Rebecca Collins is an award-winning artist researcher working at the intersection between contemporary performance and sound studies. Her practice, grounded in specific sites or communities, investigates the relationships between social, political and cultural phenomena. Current works explore eavesdropping and amateur espionage, the performativity of gender online and the vibrant potential of landscapes and rural communities
Rebecca is interested in how critical, fictional and performative interventions might cultivate attention towards our contemporary condition indicating potential levers for change. Rebecca is concerned with sharing her scholarship and practice through multiple outcomes which might include performed material, exhibitions, screenings, workshops and publications.

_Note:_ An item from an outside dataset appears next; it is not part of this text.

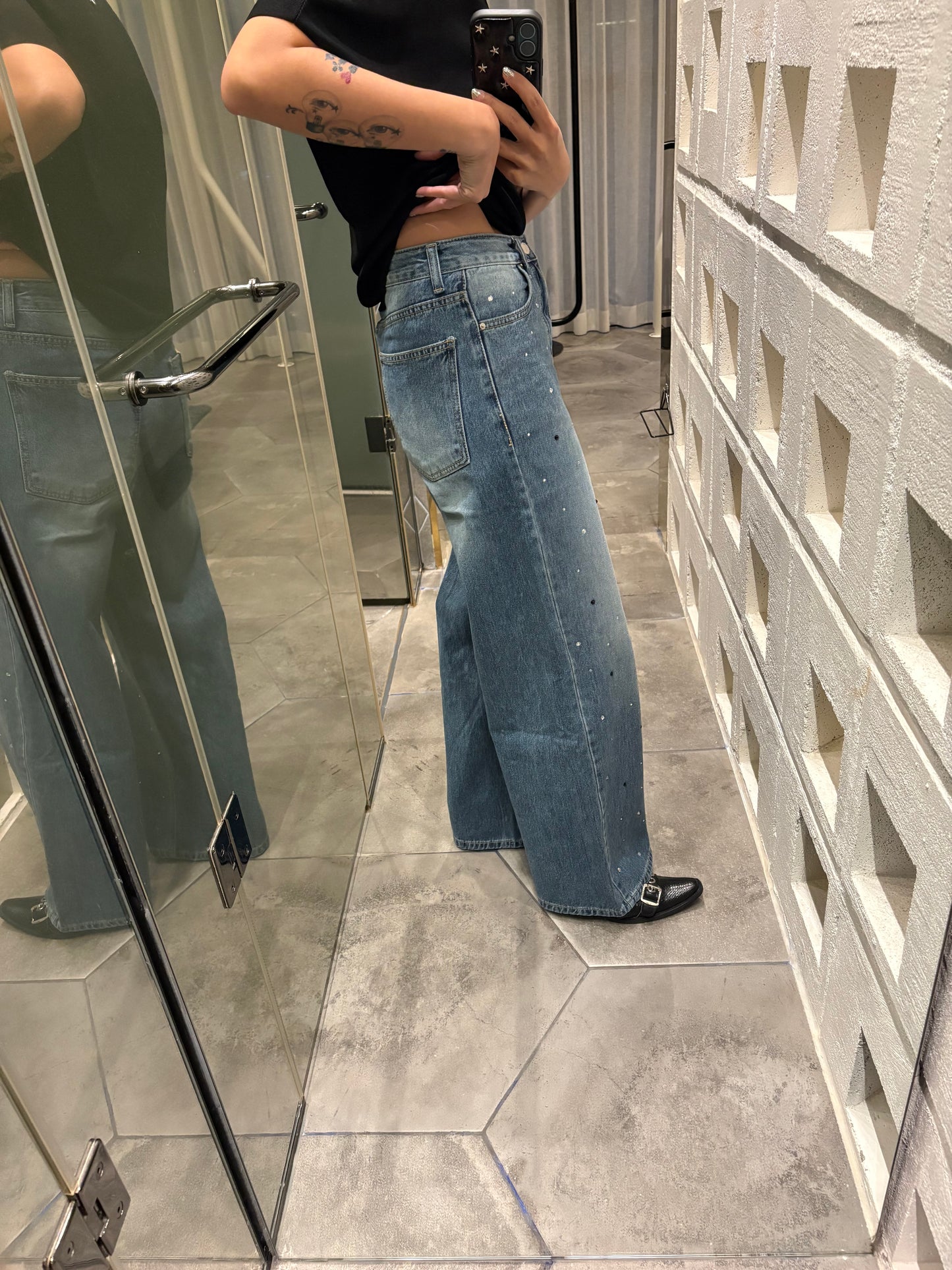Front mini beans jeans #00769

Current projects include ‘Stolen Voices’ with artist Johanna Linsley. The work, inspired by eavesdropping practices, imagines public spaces as semi-fictional constructions, as if an Agatha Christie novel has shattered over a town and fragments caught in the local soundscape. The project takes a variety of forms, from participatory workshops to new music composition, experimental performance, community gig nights, an exhibition and a book project currently in process which they call a sonic detective novel.
Rebecca is co-organiser of Women In Sound/Women On Sound (WISWOS), a research network which tackles inequality and gender bias in the sonic arts. She is an associate artist at Aberystwyth Arts Centre and with Newcastle-based theatre makers Cap-a-Pie. She is a member of the Theatre and Performance Research Association (TaPRA) and Artea, an interdisciplinary research group based in Spain.
Rebecca received a PhD in Performance Studies from Aberystwyth University. Prior to this, she was awarded an MA in Performance and a BA in English and Drama, both from Queen Mary University of London. She also received a subsequent MA from the University of Alcalá de Henares (Madrid) in Visual Culture and Performance
Rebecca is a Fellow of the Higher Education Academy (FHEA) and has extensive experience of teaching undergraduate and postgraduate courses on a variety of practical and theoretical modules. Her specialist knowledge and expertise in sound, curatorial strategies and performance informs and drives both her research and teaching practices. She has knowledge of a range of research techniques and methodologies including critical theory, aesthetics and practice-based research. Rebecca teaches Visual Culture across the undergraduate and postgraduate programmes in the School of Art and is currently the course organiser for 'Art Now: Practices, Theories and Institutions.'
Rebecca has supervised undergraduate and postgraduate dissertations on a range of topics including gender and visual aesthetics, narratives of conflict in Israeli/Palestinian Cinema and sound design in video games.
Rebecca previously worked as a Teaching Fellow at The University of Leeds and made a substantial contribution to the design and delivery of practice-based research modules at the School of Performance and Cultural Industries and The Workshop Theatre at the School of English. Prior to this Rebecca lectured at Aberystwyth University and Sunderland University and has been a guest lecturer on the MA in Performance and Visual Cultures at the University of Alcalá and the Reina Sofia Museum in Madrid, Spain.
Rebecca's main research interests are in the fields of sound, listening, performance and writing. Rebecca is particularly interested in practice-based research methodologies for investigating aural attention, affect, mood and atmosphere through listening, text and vocal delivery techniques.
Rebecca's work is informed by transdisciplinary interests in politics, site and aesthetics. She is currently thinking through theories of the event, writing the swarm and the slippery borders between public and private space for her forthcoming book publication with Johanna Linsley for Copy Press.